5. Pakistan Is Still At War With Taliban


Pakistan, which once supported the Taliban, soon recognised the devout militants for what they really were. They broke ties with the organisation and fight back against Taliban attacks on Pakistani soil. The widely-publicised attack by the Taliban at a school in Peshawar and the murder of several school children left many shocked and angry. However, Pakistani government is reportedly taking steps to talk to the militants and forge a peace agreement. Despite government assurances, many have reported that the Taliban’s influence is growing strongly in Pakistan.

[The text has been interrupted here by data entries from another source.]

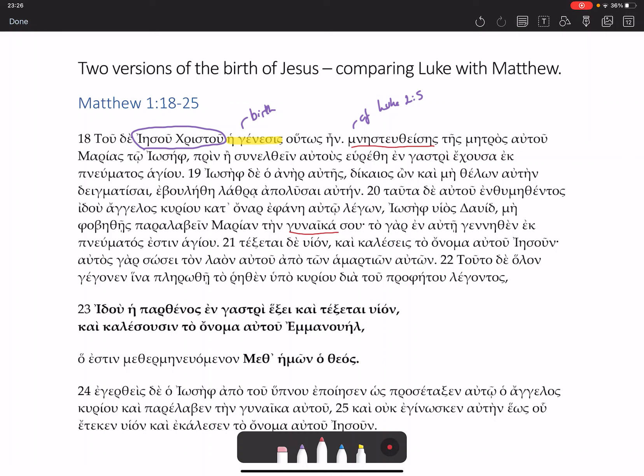We've also got parthenos here — that's your maiden or virgin. So you've got both gunaika, a woman who's borne a child, and parthenos, an unmarried virgin, in Matthew, without that status being reflected in Luke 2:1 to 7.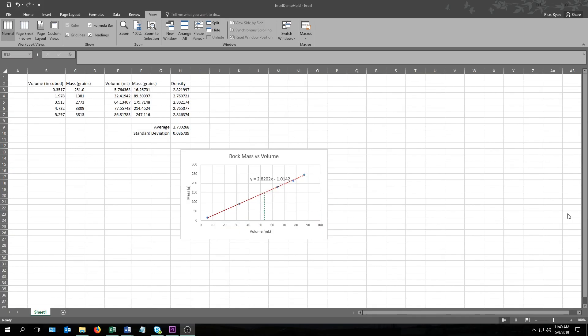So that's it. That's your introduction to Microsoft Excel. Once again, I'm Ryan from Washington State University, and I hope this was helpful.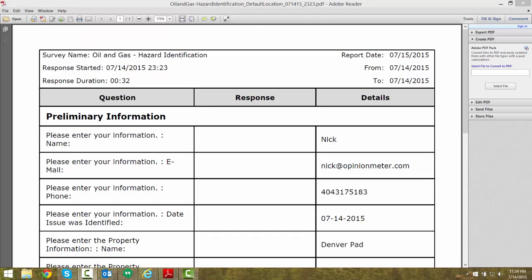This concludes our video on user configurable file names for immediately delivered respondent-level reports. Thank you very much, and have a nice day.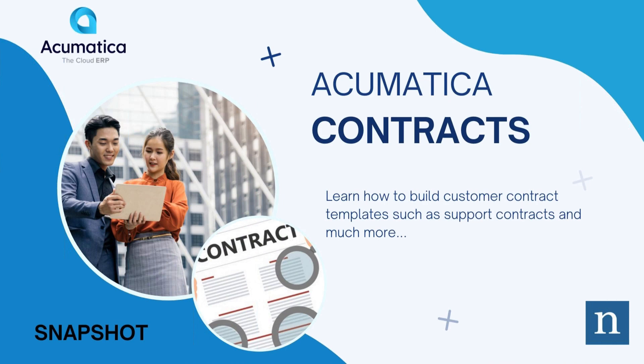Hello, and welcome to NIMS & Associates Acumatica Snapshot on Acumatica Contracts.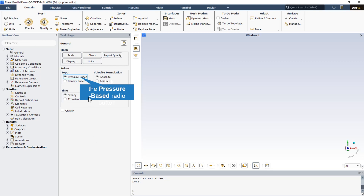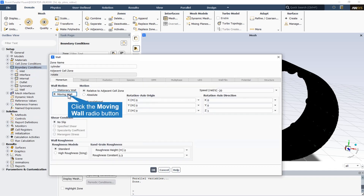To simulate the present model, several assumptions are considered. The solver is pressure-based. The cylinder boundary condition is a moving wall with a no-slip shear stress condition. The rotational axis is equal to Z and the rotational speed is equal to 20 radians per second.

6. They Used To Cultivate Opium, Then Cut Down Production

**FILE** A Taliban militant is seen with an AK- 47 rifle gun, right, as farmers collect resin from poppies in an opium poppy field in Naway district of Helmand province, southwest Afghanistan in a Friday, April 25, 2008 file photo. Drought and anti-drug campaigns helped slash Afghanistan's opium poppy cultivation by 19 percent this year compared to 2007, but the country is still far and away the world's leading source of the heroin-producing crop, the U.N. said Tuesday, Aug. 26, 2008. (AP Photo, File)

One of Taliban’s sources of income was the cultivation and smuggling of opium. During their rule, the primary source of income of many Afghanis was the cultivation of opium. In 2000, US began cracking down on the cultivation and smuggling of opium, and due to this, the Taliban had to stop their dealings in opium and announced that the production of opium in the world had been cut down a significant amount. Their dealings in opium were strictly against their beliefs.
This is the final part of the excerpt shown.